_Task instructions_: Pictures within the data are to be left out; everything else must be reproduced exactly.

_Entries provided_:
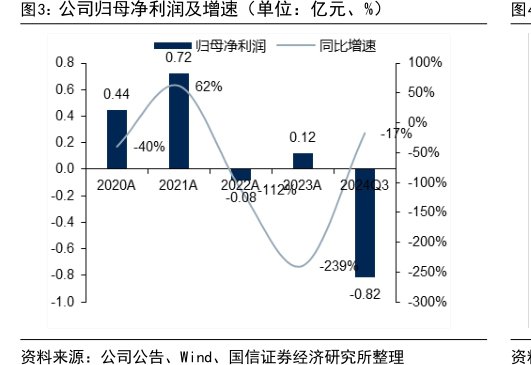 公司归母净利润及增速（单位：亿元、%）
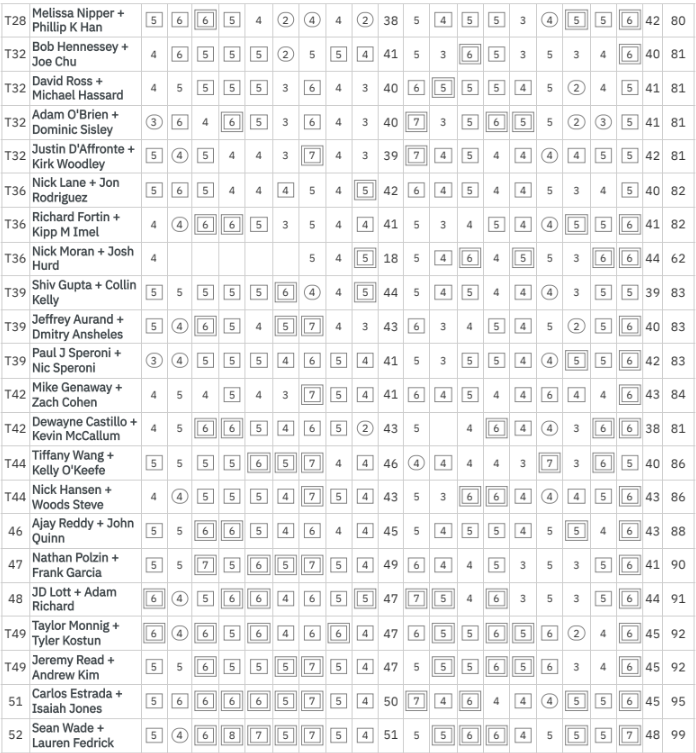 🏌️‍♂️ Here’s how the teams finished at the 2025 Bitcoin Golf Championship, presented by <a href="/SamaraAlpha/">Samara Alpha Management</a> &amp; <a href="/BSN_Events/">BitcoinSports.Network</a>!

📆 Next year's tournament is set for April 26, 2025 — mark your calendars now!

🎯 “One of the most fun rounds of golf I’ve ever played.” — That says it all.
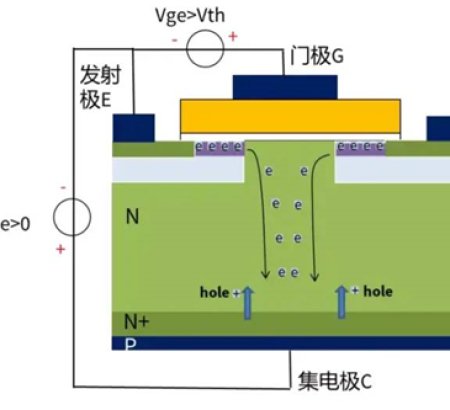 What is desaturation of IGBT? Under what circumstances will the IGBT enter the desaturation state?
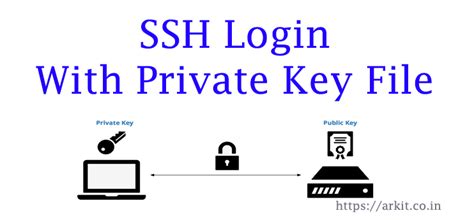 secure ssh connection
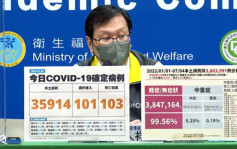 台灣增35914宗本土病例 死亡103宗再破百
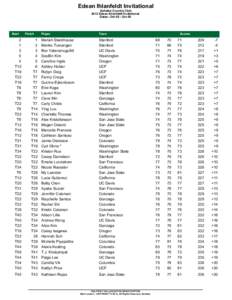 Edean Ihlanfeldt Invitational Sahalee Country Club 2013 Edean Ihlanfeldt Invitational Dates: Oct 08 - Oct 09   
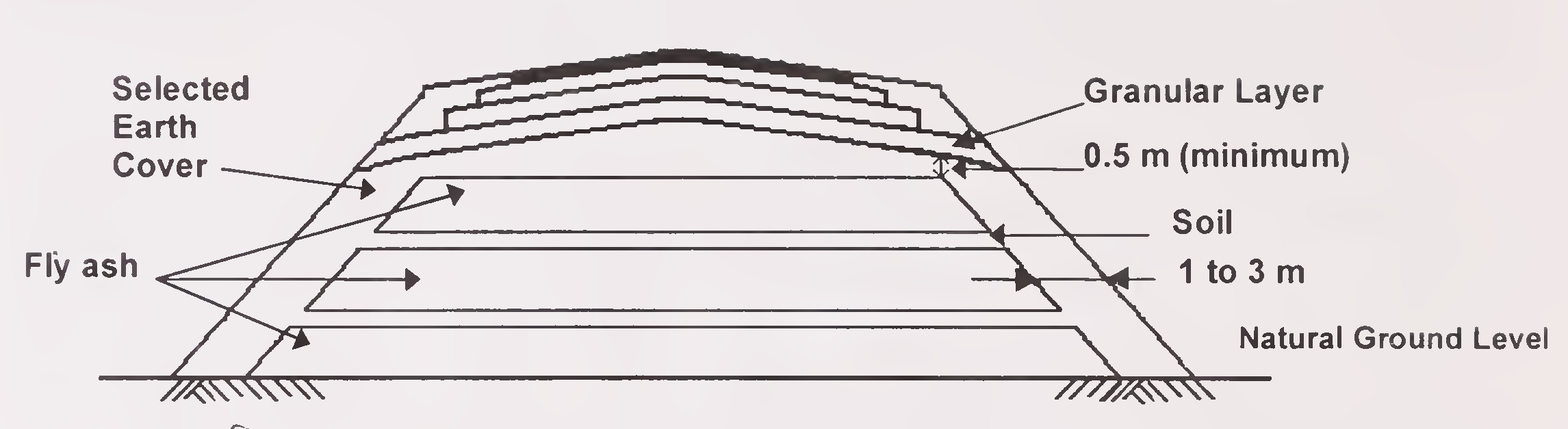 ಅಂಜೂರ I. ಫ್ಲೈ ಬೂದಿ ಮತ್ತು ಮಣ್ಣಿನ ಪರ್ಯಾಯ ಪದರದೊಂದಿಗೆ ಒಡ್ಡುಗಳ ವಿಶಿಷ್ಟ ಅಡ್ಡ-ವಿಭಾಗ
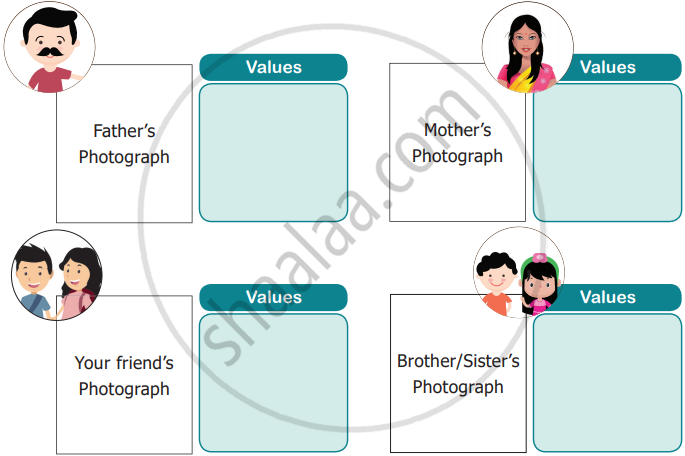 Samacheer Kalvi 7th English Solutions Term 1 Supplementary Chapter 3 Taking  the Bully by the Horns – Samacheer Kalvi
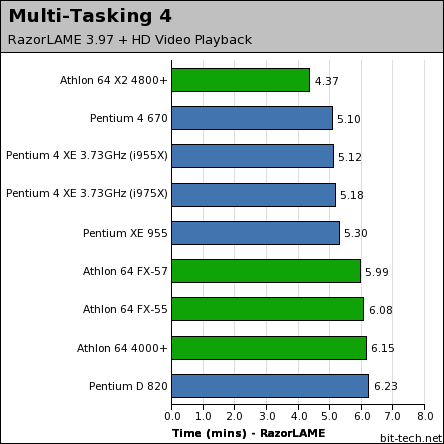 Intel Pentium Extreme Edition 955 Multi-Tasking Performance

_Answer to this exercise_:
 公司归母净利润及增速（单位：亿元、%）
 🏌️‍♂️ Here’s how the teams finished at the 2025 Bitcoin Golf Championship, presented by <a href="/SamaraAlpha/">Samara Alpha Management</a> &amp; <a href="/BSN_Events/">BitcoinSports.Network</a>!

📆 Next year's tournament is set for April 26, 2025 — mark your calendars now!

🎯 “One of the most fun rounds of golf I’ve ever played.” — That says it all.
 What is desaturation of IGBT? Under what circumstances will the IGBT enter the desaturation state?
 secure ssh connection
 台灣增35914宗本土病例 死亡103宗再破百
 Edean Ihlanfeldt Invitational Sahalee Country Club 2013 Edean Ihlanfeldt Invitational Dates: Oct 08 - Oct 09   
 ಅಂಜೂರ I. ಫ್ಲೈ ಬೂದಿ ಮತ್ತು ಮಣ್ಣಿನ ಪರ್ಯಾಯ ಪದರದೊಂದಿಗೆ ಒಡ್ಡುಗಳ ವಿಶಿಷ್ಟ ಅಡ್ಡ-ವಿಭಾಗ
 Samacheer Kalvi 7th English Solutions Term 1 Supplementary Chapter 3 Taking  the Bully by the Horns – Samacheer Kalvi
 Intel Pentium Extreme Edition 955 Multi-Tasking Performance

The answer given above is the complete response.